Third, this defense attorney is drawing a meaningless distinction between an ICE officer and a “real police officer.” Again, you’re not allowed to interrupt a lawful enforcement operation, which is exactly what this woman was doing.

POOL / Marc Israel Sellem / Handout /Anadolu via Getty Images

Fourth, the officer didn’t discharge his weapon to prevent her from fleeing. When he discharged his weapon, she had pointed the vehicle at him and pressed the gas. He discharged his weapon in self defense, and other angles of the video show the woman *clearly* hit the officer with her car while accelerating.

The gaslighting is off the charts and I’m having none of it. This guy was doing his job. She tried to stop him from doing his job. When he approached her car, she tried to hit him.

A tragedy? Absolutely. But a tragedy that falls on this woman and all of the radicals who teach people that immigration is the one type of law that rioters are allowed to interfere with.”

Survived by her six-year-old son

However, many have questioned this version, and circulating video footage only shows fragments of the incident.

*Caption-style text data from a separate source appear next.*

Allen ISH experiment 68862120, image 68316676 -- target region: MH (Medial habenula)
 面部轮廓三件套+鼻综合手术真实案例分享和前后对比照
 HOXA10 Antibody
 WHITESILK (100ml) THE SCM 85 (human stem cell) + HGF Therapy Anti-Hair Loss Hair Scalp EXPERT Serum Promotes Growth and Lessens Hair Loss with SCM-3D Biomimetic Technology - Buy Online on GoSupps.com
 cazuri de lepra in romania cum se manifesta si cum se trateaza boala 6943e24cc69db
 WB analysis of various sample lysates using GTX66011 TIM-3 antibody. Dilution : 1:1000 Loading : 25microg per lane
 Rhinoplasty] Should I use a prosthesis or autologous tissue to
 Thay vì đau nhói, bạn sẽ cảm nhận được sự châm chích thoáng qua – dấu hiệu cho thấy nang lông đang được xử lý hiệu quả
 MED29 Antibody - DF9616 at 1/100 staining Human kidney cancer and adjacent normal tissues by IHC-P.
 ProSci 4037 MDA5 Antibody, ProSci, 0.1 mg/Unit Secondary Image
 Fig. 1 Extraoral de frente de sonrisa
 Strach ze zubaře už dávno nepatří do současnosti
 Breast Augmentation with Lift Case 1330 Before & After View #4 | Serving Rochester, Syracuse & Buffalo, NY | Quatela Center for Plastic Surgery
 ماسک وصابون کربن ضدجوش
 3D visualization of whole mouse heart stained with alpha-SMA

City officials and witnesses, however, sharply disagreed with the federal narrative. Minneapolis Mayor Jacob Frey called it “bulls***,” saying, “They’re ripping families apart. They’re sowing chaos on our streets and in this case quite literally killing people.”

Minnesota Governor Tim Walz also criticized the federal response, calling it “governing by reality TV” and urging a full, fair investigation.

Good, a U.S. citizen, is survived by her six-year-old son.

On social media, she described herself as a “poet and writer and wife and mom and shitty guitar strummer from Colorado; experiencing Minneapolis, MN.”

Her mother, Donna Ganger, told the Minnesota Star Tribune, “She was extremely compassionate. She’s taken care of people all her life. She was loving, forgiving and affectionate. She was an amazing human being. She was probably terrified.”

Tributes have poured in following her death.

Will the ICE officer face charges?

Questions have also arisen over whether the ICE officer acted lawfully and if criminal charges could follow. Andrew C. McCarthy, a former Chief Assistant U.S. Attorney in the Southern District of New York, believes prosecution is unlikely.

“Undoubtedly, if it is reasonable to construe the woman’s action as a deliberate attempt to mow down an ICE agent with a speeding vehicle, the use of force was justified,” McCarthy wrote in National Review.

“But even if the woman was mainly trying to get away (which is what it looks like to me), she was engaged in an actionable assault on a federal officer, a felony under Section 111 of the federal penal code.”

McCarthy added, “It is settled Fourth Amendment law that a police officer may use deadly force against a fleeing suspect if he has a good-faith belief that the suspect poses a significant threat of death or serious physical injury to the officer or others.”

OAKLAND, CALIFORNIA – JANUARY 07: Protesters take part in a vigil for Renee Nicole Good at Fruitvale Plaza Park in Oakland, Calif., on Wednesday, Jan. 7, 2025. Good, a legal observer, was fatally shot by an ICE agent in Minneapolis today. (Jane Tyska/Digital First Media/East Bay Times via Getty Images)

The Minnesota Bureau of Criminal Apprehension has stepped back from investigating the deadly ICE-related shooting in Minneapolis after the FBI assumed control of the case, Superintendent Drew Evans said in a statement.

U.S. Secretary of Homeland Security Kristi Noem voiced similar support for the officer, saying at a news conference, “Our officer followed his training, did exactly what he’s been taught to do in that situation, and took actions to defend himself and defend his fellow law enforcement officers.”

On the ongoing investigation, Noem added, “I do believe the officer used his training in this situation and we’ll let the FBI continue the investigation to get it resolved.”